But last summer Pistorius began entering able-bodied competitions. After he placed in several events, some track and field enthusiasts wondered aloud whether his disability was in fact an advantage. In June 2007, the Monaco-based IAAF amended its rules to ban devices incorporating "springs, wheels, or any other element that provides a user with an advantage over another athlete not using such a device."

The IAAF then commissioned a study by German professor Gert-Peter Brueggemann, who concluded that Pistorius's racing blades allowed his body to expend less energy in a race. The study provided the basis for the IAAF's ruling in January, which was supported by the International Olympic Committee.

That's when Kessler contacted Pistorius's manager through the firm's Johannesburg office and volunteered his services. The CAS, the appellate venue for the Olympics and other major international sports bodies, granted an expedited schedule for an appeal, since Pistorius's goal is to qualify for the Beijing Olympics in August.

The D&L team, which includes litigation cochair David Feher in New York and corporate partner Marco Consonni in Milan, assembled a list of experts to refute Brueggemann's study. Pistorius's legal team also argues that since the IAAF is based in Monaco--a party to various United Nations conventions for those with disabilities--it must make reasonable accommodations for Pistorius.

"You can't just ban him," Kessler says. "The IAAF made no effort to say, 'Well, this is how the prosthesis can be modified.' It's just a pure effort at exclusion that we're hopeful will be struck down."

DLA Piper's Gay, who has represented the IAAF since the first legal challenge to its rules in 1988, says the issue is more black-and-white. "Our general contention is that, by use of the prosthesis, Mr.
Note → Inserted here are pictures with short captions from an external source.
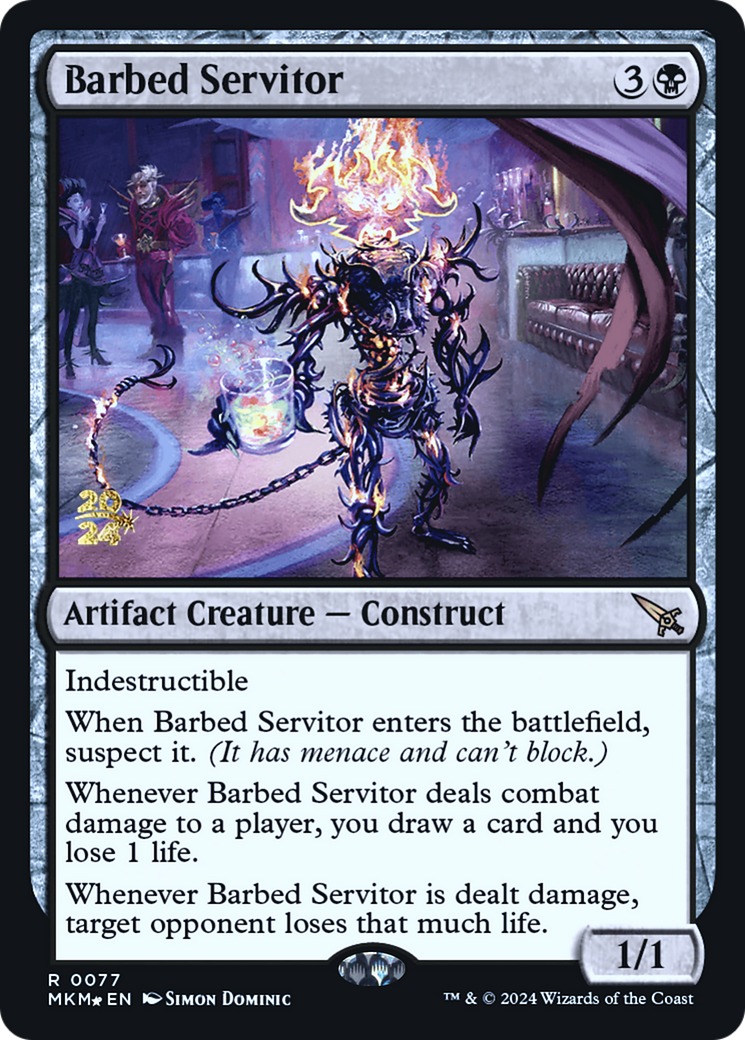 Barbed Servitor [Murders at Karlov Manor Prerelease Promos] | Anubis Games and Hobby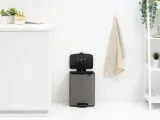 Мусорное ведро с педалью Brabantia Bo 12 л платиновое — фото 7
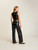 Faux Leather Shell_ Black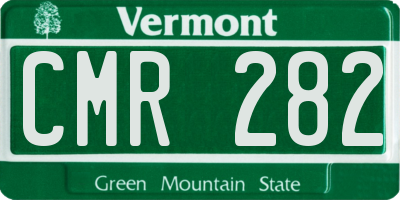 VT license plate CMR282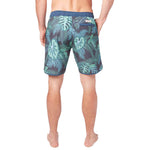 Navy Evergreen Swim Trunk - Denny's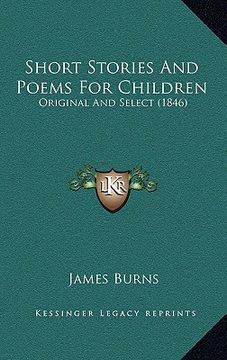 portada short stories and poems for children: original and select (1846) (en Inglés)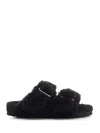 Birkenstock Arizona Big Buckle Sandals In Black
Pistorius gains a technical advantage, which is contrary to IAAF [rules]," Gay says. "I don't think any modifications are necessary. It's a standard prosthesis."

CAS proceedings allow each party to select an independent arbitrator to sit on the panel, which is chaired by a third individual not chosen by either side. Gay says the IAAF chose David Rivkin, a veteran international arbitrator familiar with CAS proceedings who also happens to be a litigation partner in the New York and London offices of Debevoise & Plimpton. Pistorius's legal team picked Jean-Philippe Rochat, a partner with Carrard Paschoud Heim & Partners in Lausanne, to serve on the panel. English lawyer Martin Hunter will serve as chair.

The CAS is expected to rule quickly. If Pistorius loses his appeal, the Swiss Federal Court could order a review of the results, although Gay says that findings by the arbitration panel are rarely overturned.

Even if he wins, Kessler says Pistorius still needs to cut seven-tenths of a second off his qualification time to make the South African Olympic team. "[Pistorius] knows that he can do it," Kessler says. "He just needs the opportunity to compete."